> _TASK OBJECTIVE_: Required from the data below: the exact lines starting at the line containing "Backpackers In Paradise" and ending at the line containing "FORD F-150 XLT 1FTEW1EP0PKF68652 снимка", with both ends kept and all pictures dropped.

-- DATA IN THIS EXERCISE follows --

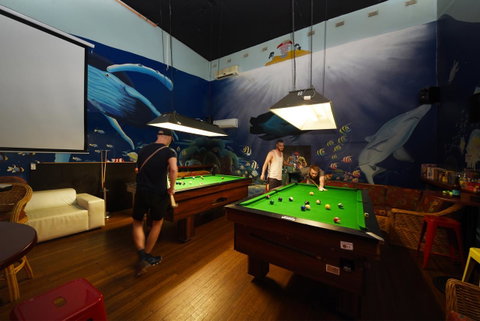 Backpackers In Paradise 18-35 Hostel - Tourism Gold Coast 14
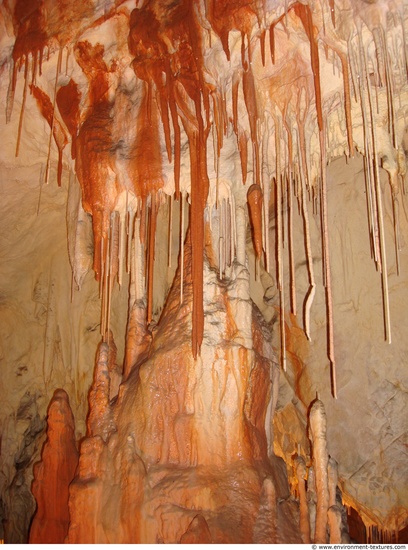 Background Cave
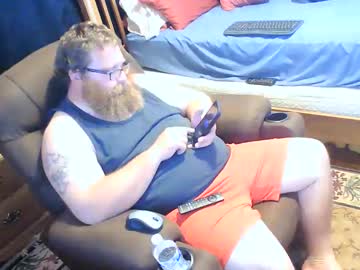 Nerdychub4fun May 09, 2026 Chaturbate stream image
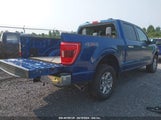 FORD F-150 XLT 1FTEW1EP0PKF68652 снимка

-- DATA IN THIS EXERCISE concluded --
-- DATA IN THIS EXERCISE follows --

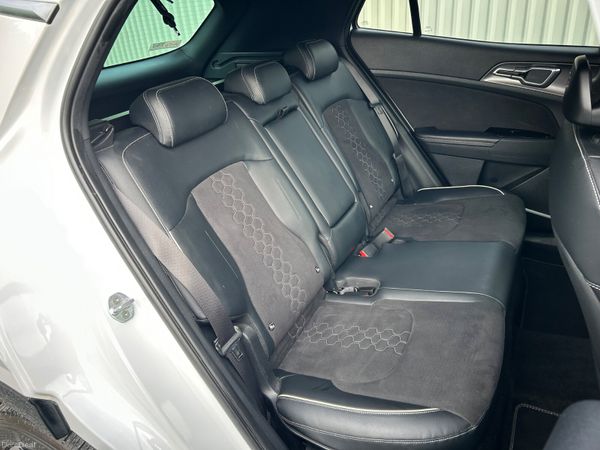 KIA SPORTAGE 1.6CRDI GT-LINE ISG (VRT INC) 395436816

-- DATA IN THIS EXERCISE concluded --
-- DATA IN THIS EXERCISE follows --

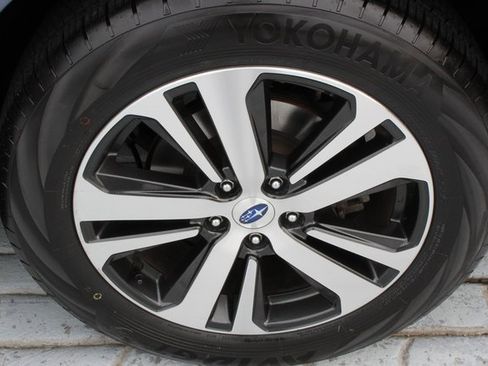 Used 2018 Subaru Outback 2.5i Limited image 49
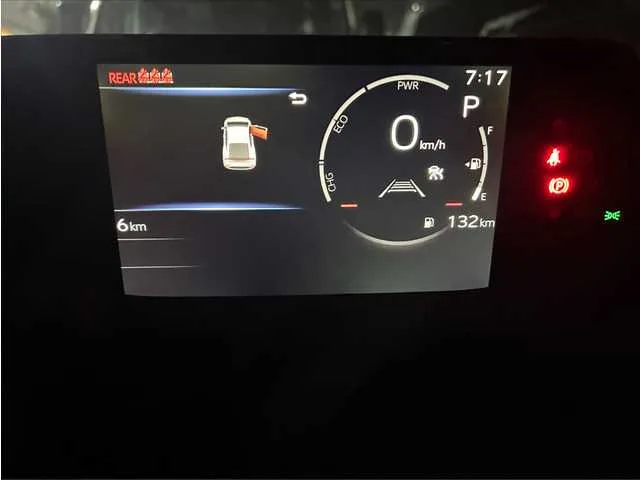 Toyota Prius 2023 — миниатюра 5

-- DATA IN THIS EXERCISE concluded --

> _RESULT OF THIS TASK_:
 Backpackers In Paradise 18-35 Hostel - Tourism Gold Coast 14
 Background Cave
 Nerdychub4fun May 09, 2026 Chaturbate stream image
 FORD F-150 XLT 1FTEW1EP0PKF68652 снимка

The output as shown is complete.